=== RECORDS FOR THIS TASK ===

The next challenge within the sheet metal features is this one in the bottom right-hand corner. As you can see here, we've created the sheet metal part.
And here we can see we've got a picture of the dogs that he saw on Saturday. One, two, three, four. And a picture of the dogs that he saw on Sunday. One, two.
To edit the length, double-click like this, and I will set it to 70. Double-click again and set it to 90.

===
=== RECORDS FOR THIS TASK ===

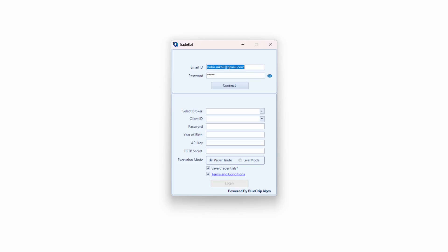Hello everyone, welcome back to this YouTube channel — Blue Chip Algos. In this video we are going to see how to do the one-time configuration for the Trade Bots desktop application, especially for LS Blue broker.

===

■ INSTRUCTIONS TO FOLLOW ■
In the data above, find the line that contains "The next challenge" and the line that contains "To edit the". Repeat exactly those lines and every line between them, and only those.

■ WRITTEN ANSWER ■
The next challenge within the sheet metal features is this one in the bottom right-hand corner. As you can see here, we've created the sheet metal part.
And here we can see we've got a picture of the dogs that he saw on Saturday. One, two, three, four. And a picture of the dogs that he saw on Sunday. One, two.
To edit the length, double-click like this, and I will set it to 70. Double-click again and set it to 90.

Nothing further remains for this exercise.